Among the records that follow, find the line with "Pair of lamps" and the line with "SAS8834.jpg LZ-215A+C 20W". Set down those lines and all lines between them exactly, without adding anything.

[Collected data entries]

==*==

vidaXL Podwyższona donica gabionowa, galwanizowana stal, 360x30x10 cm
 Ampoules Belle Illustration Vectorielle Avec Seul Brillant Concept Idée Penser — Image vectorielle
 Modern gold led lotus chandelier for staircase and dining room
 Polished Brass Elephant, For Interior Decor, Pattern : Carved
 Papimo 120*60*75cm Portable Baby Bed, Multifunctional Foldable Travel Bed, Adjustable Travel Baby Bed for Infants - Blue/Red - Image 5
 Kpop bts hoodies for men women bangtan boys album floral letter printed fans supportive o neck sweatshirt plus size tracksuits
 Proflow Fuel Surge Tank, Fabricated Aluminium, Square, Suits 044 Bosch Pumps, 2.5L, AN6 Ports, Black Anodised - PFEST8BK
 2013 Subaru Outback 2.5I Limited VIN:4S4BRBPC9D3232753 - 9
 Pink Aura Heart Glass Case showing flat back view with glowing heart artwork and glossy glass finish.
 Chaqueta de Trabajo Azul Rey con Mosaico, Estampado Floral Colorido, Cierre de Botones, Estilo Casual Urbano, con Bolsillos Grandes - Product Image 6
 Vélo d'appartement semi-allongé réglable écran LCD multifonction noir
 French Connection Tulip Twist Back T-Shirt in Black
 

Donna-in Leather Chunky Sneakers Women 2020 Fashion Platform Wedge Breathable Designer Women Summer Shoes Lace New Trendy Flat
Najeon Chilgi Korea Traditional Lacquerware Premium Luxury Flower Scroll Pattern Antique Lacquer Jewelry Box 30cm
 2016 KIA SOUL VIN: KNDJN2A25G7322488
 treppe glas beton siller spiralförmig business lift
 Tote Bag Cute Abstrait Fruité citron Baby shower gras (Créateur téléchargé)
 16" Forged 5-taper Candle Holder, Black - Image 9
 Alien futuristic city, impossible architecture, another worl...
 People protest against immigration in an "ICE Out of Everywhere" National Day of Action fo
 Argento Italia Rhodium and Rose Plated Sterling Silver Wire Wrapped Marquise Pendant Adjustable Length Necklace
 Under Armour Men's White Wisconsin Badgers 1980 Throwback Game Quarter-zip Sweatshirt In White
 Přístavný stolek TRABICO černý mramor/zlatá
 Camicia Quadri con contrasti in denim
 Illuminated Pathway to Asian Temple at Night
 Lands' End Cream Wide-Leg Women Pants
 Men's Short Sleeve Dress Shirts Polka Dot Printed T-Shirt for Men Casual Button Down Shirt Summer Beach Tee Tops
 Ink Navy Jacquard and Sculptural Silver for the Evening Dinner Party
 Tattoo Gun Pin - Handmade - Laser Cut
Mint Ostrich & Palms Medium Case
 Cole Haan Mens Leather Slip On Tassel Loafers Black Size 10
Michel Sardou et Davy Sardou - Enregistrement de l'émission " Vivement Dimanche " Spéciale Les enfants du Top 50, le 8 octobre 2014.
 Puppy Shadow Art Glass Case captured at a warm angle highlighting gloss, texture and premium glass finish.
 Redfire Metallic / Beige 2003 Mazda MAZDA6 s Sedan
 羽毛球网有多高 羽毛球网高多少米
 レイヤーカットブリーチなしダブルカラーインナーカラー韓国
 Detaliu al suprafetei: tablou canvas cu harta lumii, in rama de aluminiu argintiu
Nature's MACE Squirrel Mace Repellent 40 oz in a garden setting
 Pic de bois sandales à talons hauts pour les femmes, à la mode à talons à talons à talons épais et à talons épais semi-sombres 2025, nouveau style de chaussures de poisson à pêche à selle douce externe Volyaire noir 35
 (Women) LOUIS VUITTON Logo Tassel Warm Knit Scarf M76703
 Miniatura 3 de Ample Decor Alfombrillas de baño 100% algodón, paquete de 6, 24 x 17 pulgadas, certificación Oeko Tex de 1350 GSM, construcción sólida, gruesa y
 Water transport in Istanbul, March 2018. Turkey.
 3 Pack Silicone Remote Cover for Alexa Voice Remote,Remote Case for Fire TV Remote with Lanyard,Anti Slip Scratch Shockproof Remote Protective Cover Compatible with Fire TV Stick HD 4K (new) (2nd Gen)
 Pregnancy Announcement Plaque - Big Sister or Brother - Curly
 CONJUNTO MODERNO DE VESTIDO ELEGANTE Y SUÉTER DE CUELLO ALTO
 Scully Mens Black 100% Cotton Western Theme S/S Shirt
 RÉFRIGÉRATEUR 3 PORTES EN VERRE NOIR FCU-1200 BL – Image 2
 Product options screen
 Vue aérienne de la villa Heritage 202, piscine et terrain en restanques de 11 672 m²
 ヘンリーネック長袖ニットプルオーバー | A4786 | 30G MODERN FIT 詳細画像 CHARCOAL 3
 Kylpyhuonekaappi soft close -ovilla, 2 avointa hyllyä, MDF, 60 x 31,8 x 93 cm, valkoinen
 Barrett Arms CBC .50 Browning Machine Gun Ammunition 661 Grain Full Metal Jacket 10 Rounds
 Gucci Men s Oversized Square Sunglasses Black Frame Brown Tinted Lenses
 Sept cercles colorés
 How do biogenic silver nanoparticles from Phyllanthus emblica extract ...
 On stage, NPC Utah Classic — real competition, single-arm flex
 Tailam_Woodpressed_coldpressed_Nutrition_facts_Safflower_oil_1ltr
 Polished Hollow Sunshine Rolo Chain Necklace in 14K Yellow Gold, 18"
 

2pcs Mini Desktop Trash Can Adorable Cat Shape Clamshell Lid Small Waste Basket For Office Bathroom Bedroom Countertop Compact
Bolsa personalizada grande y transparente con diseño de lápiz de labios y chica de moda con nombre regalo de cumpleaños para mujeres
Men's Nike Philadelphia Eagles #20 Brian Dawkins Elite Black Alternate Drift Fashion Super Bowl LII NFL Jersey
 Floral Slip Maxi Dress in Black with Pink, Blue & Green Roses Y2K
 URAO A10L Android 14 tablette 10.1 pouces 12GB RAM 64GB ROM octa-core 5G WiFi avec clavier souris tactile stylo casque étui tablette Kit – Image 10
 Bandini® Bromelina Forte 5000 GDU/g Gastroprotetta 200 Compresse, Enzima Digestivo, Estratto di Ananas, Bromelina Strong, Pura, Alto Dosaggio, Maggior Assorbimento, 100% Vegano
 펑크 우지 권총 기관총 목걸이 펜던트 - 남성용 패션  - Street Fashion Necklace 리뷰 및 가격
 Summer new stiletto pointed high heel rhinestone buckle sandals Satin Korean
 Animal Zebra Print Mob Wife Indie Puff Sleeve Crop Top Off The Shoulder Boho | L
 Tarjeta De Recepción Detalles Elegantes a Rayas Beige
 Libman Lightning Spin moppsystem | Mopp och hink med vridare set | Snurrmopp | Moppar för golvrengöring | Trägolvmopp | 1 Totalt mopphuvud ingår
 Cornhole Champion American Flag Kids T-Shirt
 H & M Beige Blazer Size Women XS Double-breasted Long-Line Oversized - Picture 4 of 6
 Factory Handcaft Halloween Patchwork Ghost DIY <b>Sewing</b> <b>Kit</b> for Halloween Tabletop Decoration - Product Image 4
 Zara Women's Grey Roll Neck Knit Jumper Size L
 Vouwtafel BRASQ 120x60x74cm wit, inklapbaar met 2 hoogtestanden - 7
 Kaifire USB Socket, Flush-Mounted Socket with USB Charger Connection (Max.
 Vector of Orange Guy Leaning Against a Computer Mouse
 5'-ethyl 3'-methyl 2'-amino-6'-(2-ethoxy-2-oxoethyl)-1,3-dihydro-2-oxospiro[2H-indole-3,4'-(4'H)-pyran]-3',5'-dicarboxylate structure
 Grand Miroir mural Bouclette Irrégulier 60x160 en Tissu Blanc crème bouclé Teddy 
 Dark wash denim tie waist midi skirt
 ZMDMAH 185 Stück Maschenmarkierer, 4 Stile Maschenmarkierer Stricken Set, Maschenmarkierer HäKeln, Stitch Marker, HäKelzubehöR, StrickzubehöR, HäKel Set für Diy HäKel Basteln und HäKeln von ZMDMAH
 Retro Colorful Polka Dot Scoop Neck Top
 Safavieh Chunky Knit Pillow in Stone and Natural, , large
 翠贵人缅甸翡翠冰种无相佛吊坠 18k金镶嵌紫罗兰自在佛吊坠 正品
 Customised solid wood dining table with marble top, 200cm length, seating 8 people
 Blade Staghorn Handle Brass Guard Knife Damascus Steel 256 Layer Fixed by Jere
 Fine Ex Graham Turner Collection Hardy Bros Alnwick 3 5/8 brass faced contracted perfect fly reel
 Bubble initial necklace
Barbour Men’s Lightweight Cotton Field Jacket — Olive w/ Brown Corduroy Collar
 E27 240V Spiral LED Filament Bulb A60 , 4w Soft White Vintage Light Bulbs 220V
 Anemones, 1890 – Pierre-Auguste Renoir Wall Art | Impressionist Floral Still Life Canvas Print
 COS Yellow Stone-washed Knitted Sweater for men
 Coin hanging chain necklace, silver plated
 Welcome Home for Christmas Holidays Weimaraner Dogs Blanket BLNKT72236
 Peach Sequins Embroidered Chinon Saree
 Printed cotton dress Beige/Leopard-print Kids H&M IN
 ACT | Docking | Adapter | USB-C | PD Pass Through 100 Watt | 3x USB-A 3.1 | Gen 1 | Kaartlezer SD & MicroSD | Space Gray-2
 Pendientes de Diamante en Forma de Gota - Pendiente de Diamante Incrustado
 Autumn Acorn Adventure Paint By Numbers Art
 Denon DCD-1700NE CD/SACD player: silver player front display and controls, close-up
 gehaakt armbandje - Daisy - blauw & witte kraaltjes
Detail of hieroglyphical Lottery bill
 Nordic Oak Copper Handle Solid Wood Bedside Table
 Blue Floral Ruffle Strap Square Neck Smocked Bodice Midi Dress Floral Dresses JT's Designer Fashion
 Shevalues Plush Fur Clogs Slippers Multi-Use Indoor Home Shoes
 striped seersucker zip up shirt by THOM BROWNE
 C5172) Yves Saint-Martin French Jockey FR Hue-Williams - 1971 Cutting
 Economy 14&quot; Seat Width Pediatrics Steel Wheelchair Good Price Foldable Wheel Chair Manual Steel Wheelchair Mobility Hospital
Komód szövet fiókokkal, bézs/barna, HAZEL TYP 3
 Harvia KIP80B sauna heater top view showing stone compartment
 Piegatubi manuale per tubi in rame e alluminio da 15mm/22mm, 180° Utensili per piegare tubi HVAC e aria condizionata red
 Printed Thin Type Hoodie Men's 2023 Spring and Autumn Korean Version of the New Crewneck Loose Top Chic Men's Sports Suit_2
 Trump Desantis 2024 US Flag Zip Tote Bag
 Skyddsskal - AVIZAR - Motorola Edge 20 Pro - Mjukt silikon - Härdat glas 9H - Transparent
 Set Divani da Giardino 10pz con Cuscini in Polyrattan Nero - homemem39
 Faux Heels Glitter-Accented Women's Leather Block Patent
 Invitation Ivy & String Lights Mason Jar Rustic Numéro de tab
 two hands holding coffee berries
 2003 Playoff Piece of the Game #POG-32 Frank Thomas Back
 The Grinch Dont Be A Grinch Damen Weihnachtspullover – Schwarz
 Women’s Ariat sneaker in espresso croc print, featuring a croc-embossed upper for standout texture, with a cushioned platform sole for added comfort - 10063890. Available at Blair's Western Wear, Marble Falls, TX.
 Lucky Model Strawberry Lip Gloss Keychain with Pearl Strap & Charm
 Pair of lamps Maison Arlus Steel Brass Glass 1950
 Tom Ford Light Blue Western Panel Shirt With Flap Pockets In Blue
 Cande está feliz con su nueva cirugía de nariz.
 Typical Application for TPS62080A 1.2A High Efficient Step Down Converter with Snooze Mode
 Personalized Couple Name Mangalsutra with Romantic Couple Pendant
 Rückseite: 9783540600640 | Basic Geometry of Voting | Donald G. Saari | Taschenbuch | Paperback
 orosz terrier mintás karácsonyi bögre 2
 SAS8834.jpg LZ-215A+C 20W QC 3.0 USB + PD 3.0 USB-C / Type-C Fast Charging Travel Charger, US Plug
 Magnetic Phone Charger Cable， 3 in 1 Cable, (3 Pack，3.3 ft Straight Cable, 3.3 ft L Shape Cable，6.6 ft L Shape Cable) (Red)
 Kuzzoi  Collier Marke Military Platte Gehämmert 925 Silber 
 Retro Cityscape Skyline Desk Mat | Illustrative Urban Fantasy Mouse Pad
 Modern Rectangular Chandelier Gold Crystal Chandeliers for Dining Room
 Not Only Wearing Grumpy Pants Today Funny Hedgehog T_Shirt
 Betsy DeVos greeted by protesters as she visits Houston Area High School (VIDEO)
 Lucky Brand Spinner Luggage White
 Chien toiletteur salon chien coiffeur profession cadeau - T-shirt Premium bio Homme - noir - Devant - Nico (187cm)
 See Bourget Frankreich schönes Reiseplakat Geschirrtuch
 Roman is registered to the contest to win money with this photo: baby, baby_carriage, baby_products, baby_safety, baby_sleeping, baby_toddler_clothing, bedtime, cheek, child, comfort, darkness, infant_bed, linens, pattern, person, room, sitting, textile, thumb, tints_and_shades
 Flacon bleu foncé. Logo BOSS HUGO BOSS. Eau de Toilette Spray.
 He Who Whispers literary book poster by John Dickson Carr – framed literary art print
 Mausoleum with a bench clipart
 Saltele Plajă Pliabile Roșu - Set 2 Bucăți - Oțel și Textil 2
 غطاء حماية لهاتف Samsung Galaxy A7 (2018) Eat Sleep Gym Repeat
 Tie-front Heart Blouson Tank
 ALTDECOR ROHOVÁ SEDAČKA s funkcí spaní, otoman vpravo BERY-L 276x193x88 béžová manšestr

==*==

OUTPUT
 Pair of lamps Maison Arlus Steel Brass Glass 1950
 Tom Ford Light Blue Western Panel Shirt With Flap Pockets In Blue
 Cande está feliz con su nueva cirugía de nariz.
 Typical Application for TPS62080A 1.2A High Efficient Step Down Converter with Snooze Mode
 Personalized Couple Name Mangalsutra with Romantic Couple Pendant
 Rückseite: 9783540600640 | Basic Geometry of Voting | Donald G. Saari | Taschenbuch | Paperback
 orosz terrier mintás karácsonyi bögre 2
 SAS8834.jpg LZ-215A+C 20W QC 3.0 USB + PD 3.0 USB-C / Type-C Fast Charging Travel Charger, US Plug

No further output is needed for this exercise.